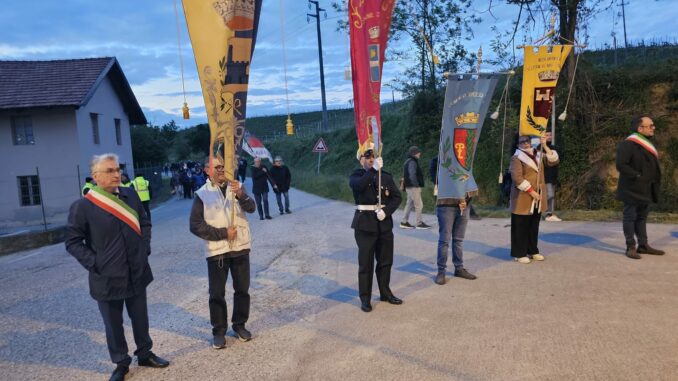 25 aprile: la fiaccolata di Treiso (FOTO e VIDEO)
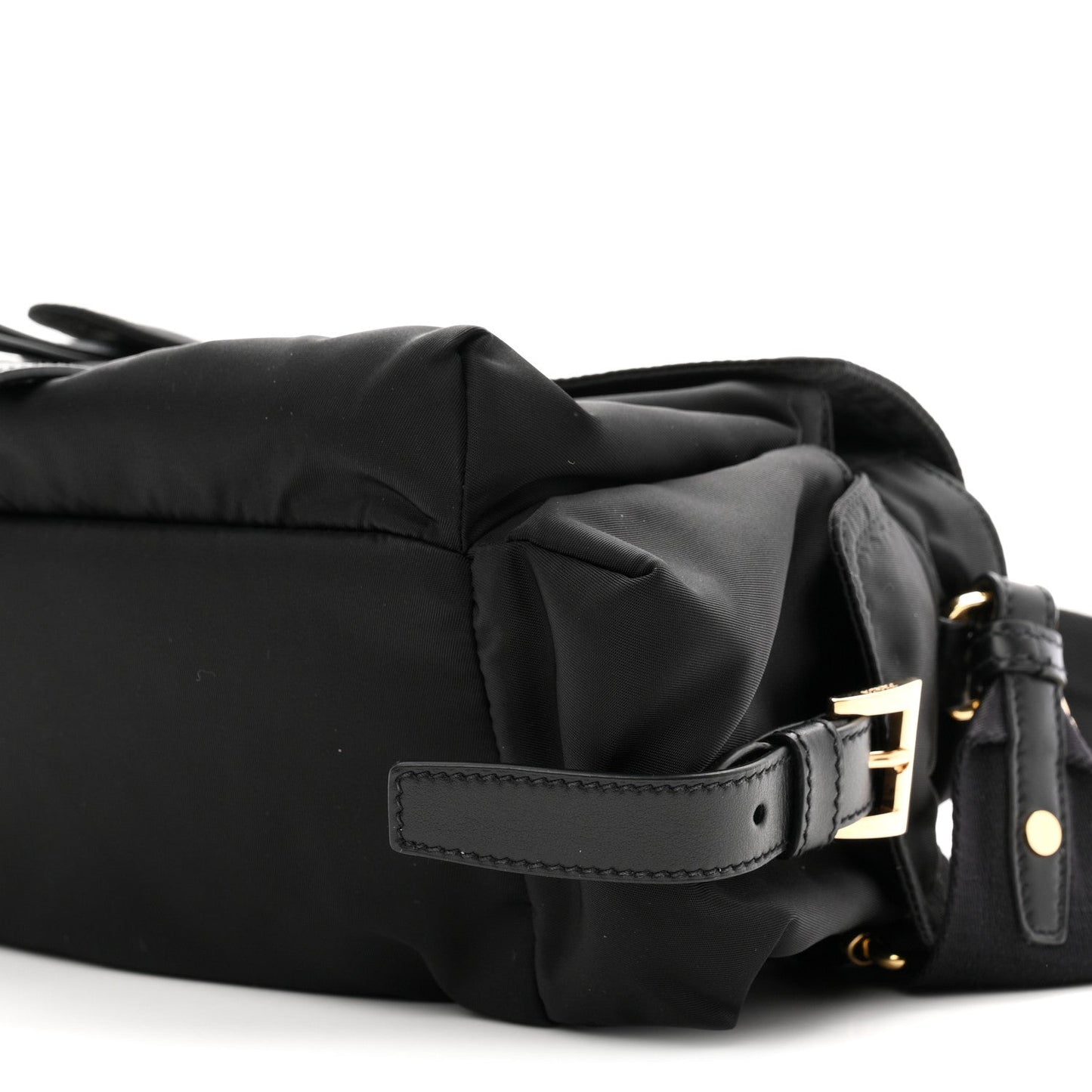 Re-Nylon Medium Explore Shoulder Bag Black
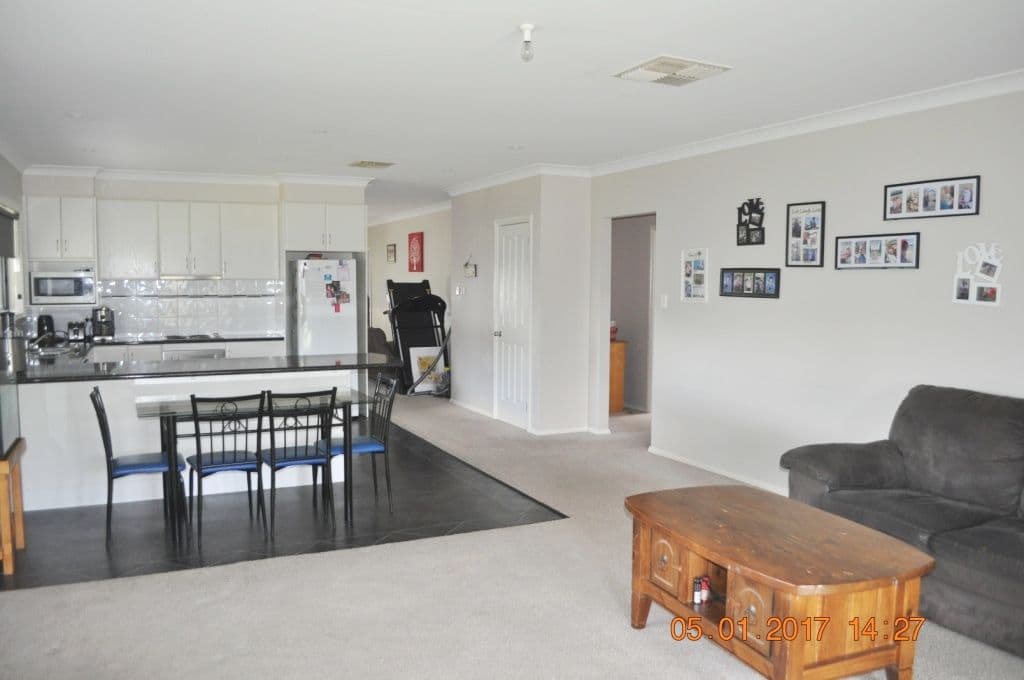 205 Hovell Street, Cootamundra - Thumbnail 8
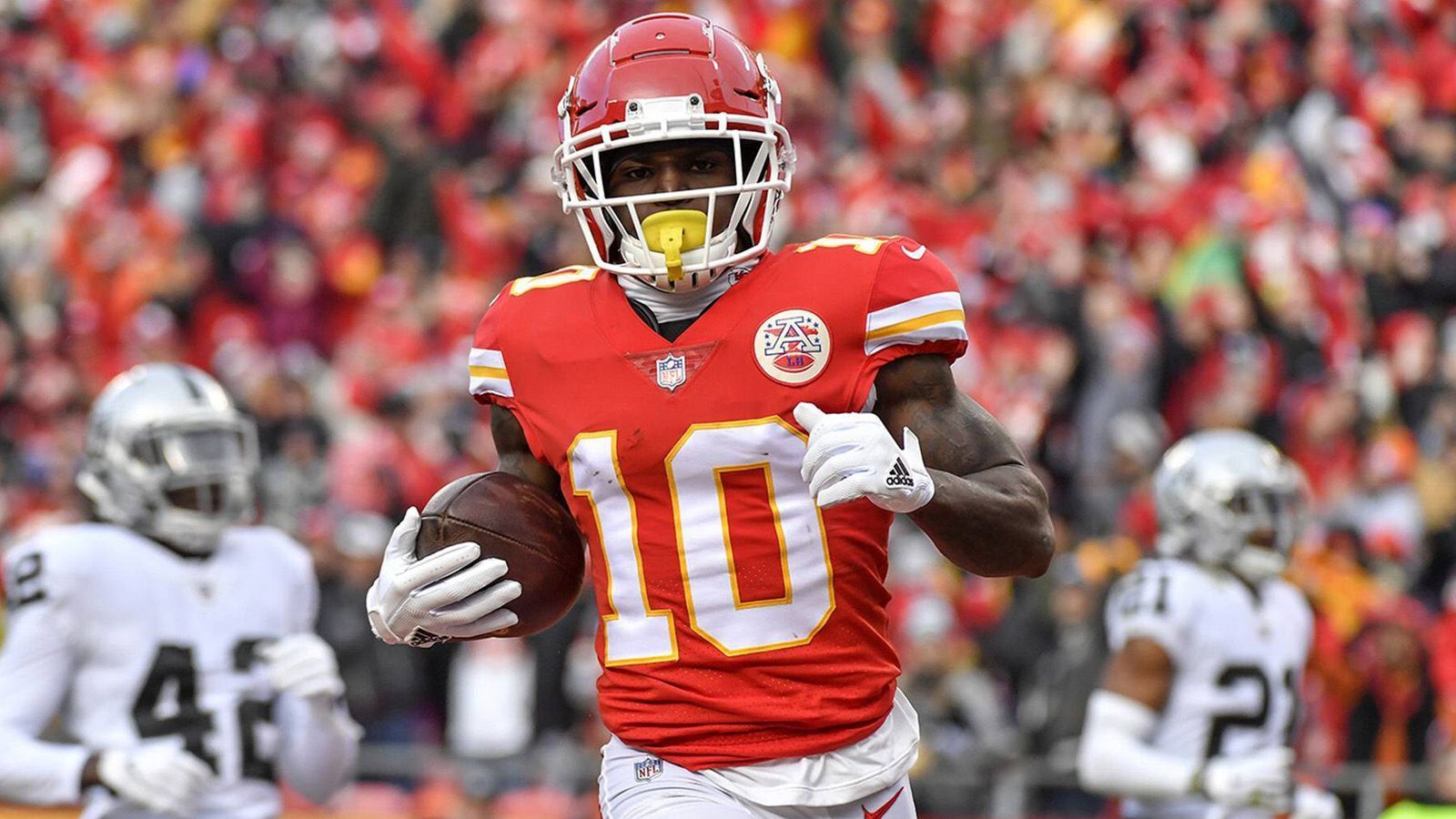 
                <strong>Platz 6: Tyreek Hill (Kansas City Chiefs)</strong><br>
                Madden-Rating: 94
              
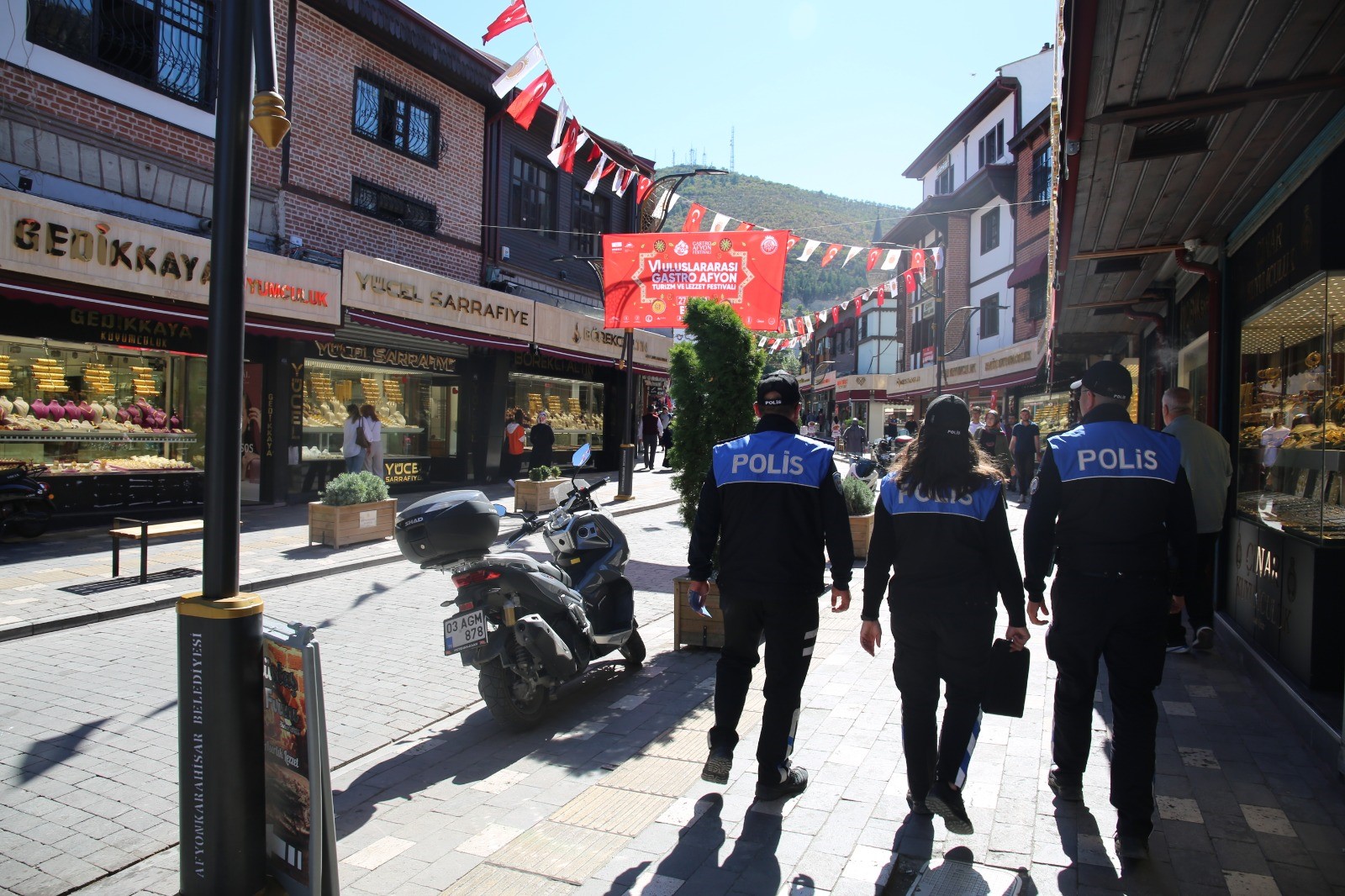 “Suç mağduru olmamaları için”  Polis ekipleri dolandırıcılara karşı vatandaşları uyardı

====================

What you should do: Please retype the whole listing above word for word and drop the pictures.

Solved problem:
 25 aprile: la fiaccolata di Treiso (FOTO e VIDEO)
 Re-Nylon Medium Explore Shoulder Bag Black
 205 Hovell Street, Cootamundra - Thumbnail 8
                <strong>Platz 6: Tyreek Hill (Kansas City Chiefs)</strong><br>
                Madden-Rating: 94
              
 “Suç mağduru olmamaları için”  Polis ekipleri dolandırıcılara karşı vatandaşları uyardı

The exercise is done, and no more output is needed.